Therapeutic anticoagulation is indicated for a variety of circumstances and conditions in several fields of medicine to prevent or treat venous and arterial thromboembolism. According to the different mechanisms of action, the available parenteral and oral anticoagulant drugs share the common principle of hampering or blocking key steps of the coagulation cascade, which unavoidably comes at the price of an increased propensity to bleed. Hemorrhagic complications affect patient prognosis both directly and indirectly (ie, by preventing the adoption of an effective antithrombotic strategy). Inhibition of factor XI (FXI) has emerged as a strategy with the potential to uncouple the pharmacological effect and the adverse events of anticoagulant therapy. This observation is based on the differential contribution of FXI to thrombus amplification, in which it plays a major role, and hemostasis, in which it plays an ancillary role in final clot consolidation. Several agents were developed to inhibit FXI at different stages (ie, suppressing biosynthesis, preventing zymogen activation, or impeding the biological action of the active form), including antisense oligonucleotides, monoclonal antibodies, small synthetic molecules, natural peptides, and aptamers.

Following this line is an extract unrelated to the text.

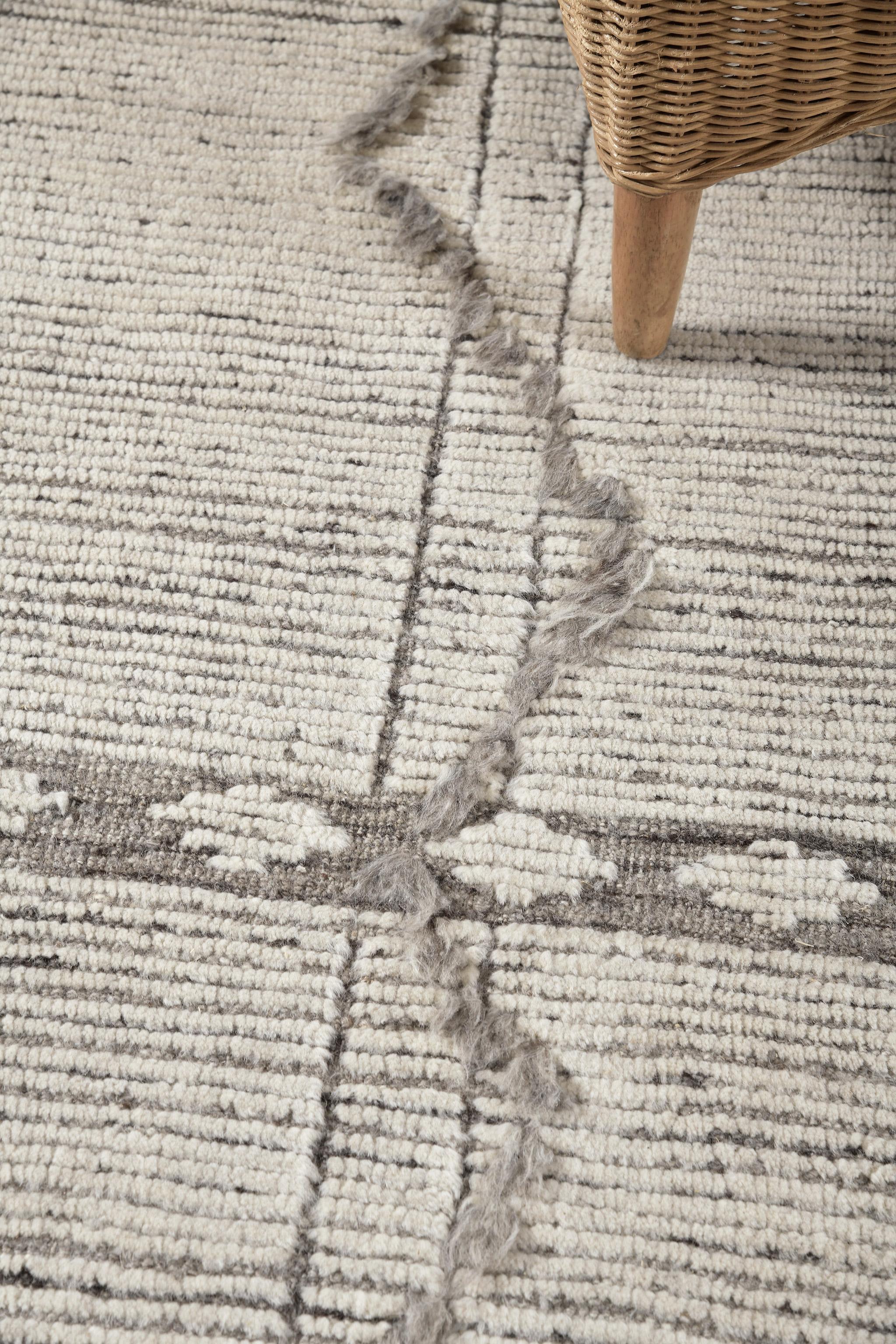 Mehraban Verdot, Collezione Estancia in vendita 2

Phase 2 studies of different classes of FXI inhibitors in orthopedic surgery suggested that dose-dependent reductions in thrombotic complications are not paralleled by dose-dependent increases in bleeding compared with low-molecular-weight heparin. Likewise, the FXI inhibitor asundexian was associated with lower rates of bleeding compared with the activated factor X inhibitor apixaban in patients with atrial fibrillation, although no evidence of a therapeutic effect on stroke prevention is available so far. FXI inhibition could also be appealing for patients with other conditions, including end-stage renal disease, noncardioembolic stroke, or acute myocardial infarction, for which other phase 2 studies have been conducted. The balance between thromboprophylaxis and bleeding achieved by FXI inhibitors needs confirmation in large-scale phase 3 clinical trials powered for clinical end points. Several of such trials are ongoing or planned to define the role of FXI inhibitors in clinical practice and to clarify which FXI inhibitor may be most suited for each clinical indication. This article reviews the rationale, pharmacology, results of medium or small phase 2 studies, and future perspectives of drugs inhibiting FXI.
治疗性抗凝适用于医学多个领域的多种情况和病症,以预防或治疗静脉和动脉血栓栓塞。根据不同的作用机制,可用的肠外和口服抗凝药物具有共同的原则,即阻碍或阻断凝血级联反应的关键步骤,这不可避免地会增加出血的倾向。出血并发症直接和间接地影响患者的预后(即,通过防止采用有效的抗血栓形成策略)。因子 XI(FXI)的抑制已成为一种策略,有可能使抗凝治疗的药理作用和不良事件脱钩。这一观察结果基于 FXI 对血栓放大的不同贡献,在血栓放大中它起着主要作用,而在止血中它在最终血凝块的巩固中起着辅助作用。已经开发了几种药物来在不同阶段抑制 FXI(即,抑制生物合成、阻止酶原激活或阻碍活性形式的生物学作用),包括反义寡核苷酸、单克隆抗体、小分子合成物、天然肽和适体。骨科手术中不同类别的 FXI 抑制剂的 2 期研究表明,与低分子量肝素相比,血栓并发症的剂量依赖性减少并未伴随着出血的剂量依赖性增加。同样,与活化因子 X 抑制剂阿哌沙班相比,FXI 抑制剂 asundexian 与较低的出血率相关,尽管目前尚无关于预防中风的治疗效果的证据。FXI 抑制也可能对其他疾病的患者有吸引力,包括终末期肾病、非心源性卒中和急性心肌梗死,对于这些疾病,已经进行了其他 2 期研究。FXI 抑制剂在大样本 3 期临床试验中实现的血栓预防和出血之间的平衡需要通过临床终点来证实。正在进行或计划进行几项此类试验,以确定 FXI 抑制剂在临床实践中的作用,并阐明哪种 FXI 抑制剂最适合每种临床适应症。本文综述了抑制 FXI 的药物的原理、药理学、中等或小 2 期研究结果以及未来展望。